John D. Rowell wrote:

> I guess jdresolve could be modified to be more portable
> database-wise, but I don't use windows machines, so it would be hard
> to really test it. OTOH, I've had several reports of people using it
> on that platform (with ActiveState Perl I think) with good results
> (dunno about the database part). If the main reason to use it is to
> have access to the recursive lookups, I guess that just commenting
> the "use DB_File;" line would be enough, as the code only performs
> database operations if you tell it to (with the "--database" option). 

Well, AFAIK, Berkeley DB does not run on Windows. So you'd have to 
remove that line to make it work.
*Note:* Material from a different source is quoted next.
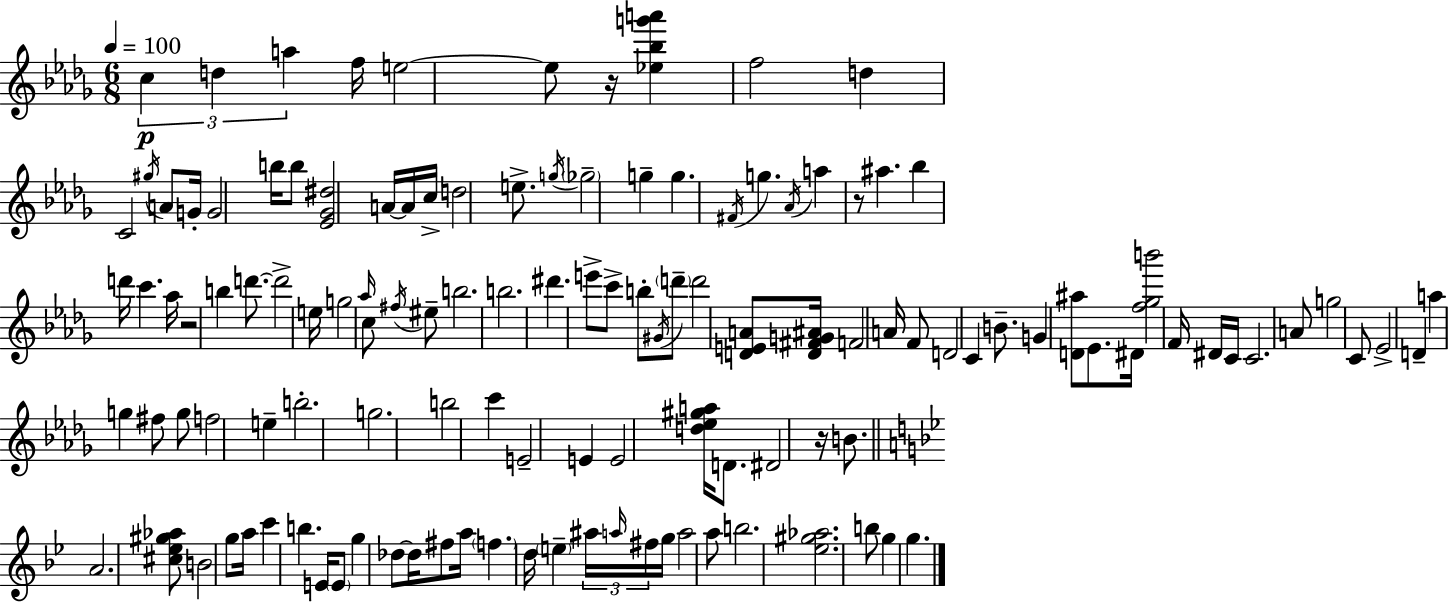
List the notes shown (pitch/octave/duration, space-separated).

C5/q D5/q A5/q F5/s E5/h E5/e R/s [Eb5,Bb5,G6,A6]/q F5/h D5/q C4/h G#5/s A4/e G4/s G4/h B5/s B5/e [Eb4,Gb4,D#5]/h A4/s A4/s C5/s D5/h E5/e. G5/s Gb5/h G5/q G5/q. F#4/s G5/q. Ab4/s A5/q R/e A#5/q. Bb5/q D6/s C6/q. Ab5/s R/h B5/q D6/e. D6/h E5/s G5/h Ab5/s C5/e F#5/s EIS5/e B5/h. B5/h. D#6/q. E6/e C6/e B5/e G#4/s D6/e D6/h [D4,E4,A4]/e [D4,F#4,G4,A#4]/s F4/h A4/s F4/e D4/h C4/q B4/e. G4/q [D4,A#5]/e Eb4/e. D#4/s [F5,Gb5,B6]/h F4/s D#4/s C4/s C4/h. A4/e G5/h C4/e Eb4/h D4/q A5/q G5/q F#5/e G5/e F5/h E5/q B5/h. G5/h. B5/h C6/q E4/h E4/q E4/h [D5,Eb5,G#5,A5]/s D4/e. D#4/h R/s B4/e. A4/h. [C#5,Eb5,G#5,Ab5]/e B4/h G5/e A5/s C6/q B5/q. E4/s E4/e G5/q Db5/e Db5/s F#5/e A5/s F5/q. D5/s E5/q A#5/s A5/s F#5/s G5/s A5/h A5/e B5/h. [Eb5,G#5,Ab5]/h. B5/e G5/q G5/q.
You could change it to something less 
strict, like this which would not require it unless the database option 
were specified:

if( $opt{'database'} ) {
        eval( 'require DB_File' ) ||
                die $@;
}



> To get the performance improvement (huge) from using the database,
> we'd have to find out which database types are supported under
> windows. Is there such a thing as a ssh daemon for Win32? ;)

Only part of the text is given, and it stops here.